REQUIRED ACTION :: Your answer is every line of the material below in which the string "with" occurs.
_ _ _ _ _
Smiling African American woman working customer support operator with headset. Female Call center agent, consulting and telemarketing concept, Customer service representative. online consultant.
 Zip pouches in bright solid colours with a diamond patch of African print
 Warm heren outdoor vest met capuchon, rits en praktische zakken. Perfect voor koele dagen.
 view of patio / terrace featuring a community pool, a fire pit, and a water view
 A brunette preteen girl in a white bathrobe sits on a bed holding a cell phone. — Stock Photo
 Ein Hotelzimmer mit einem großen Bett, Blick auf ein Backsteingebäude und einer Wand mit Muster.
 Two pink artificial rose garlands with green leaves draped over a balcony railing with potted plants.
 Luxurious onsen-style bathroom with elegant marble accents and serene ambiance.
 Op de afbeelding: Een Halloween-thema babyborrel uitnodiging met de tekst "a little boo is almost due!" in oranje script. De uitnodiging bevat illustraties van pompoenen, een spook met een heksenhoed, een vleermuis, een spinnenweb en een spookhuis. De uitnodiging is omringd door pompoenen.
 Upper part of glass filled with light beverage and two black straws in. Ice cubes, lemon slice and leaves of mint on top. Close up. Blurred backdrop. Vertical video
_ _ _ _ _
RESPONSE FOR THIS EXERCISE ::
Smiling African American woman working customer support operator with headset. Female Call center agent, consulting and telemarketing concept, Customer service representative. online consultant.
 Zip pouches in bright solid colours with a diamond patch of African print
 Two pink artificial rose garlands with green leaves draped over a balcony railing with potted plants.
 Luxurious onsen-style bathroom with elegant marble accents and serene ambiance.
 Upper part of glass filled with light beverage and two black straws in. Ice cubes, lemon slice and leaves of mint on top. Close up. Blurred backdrop. Vertical video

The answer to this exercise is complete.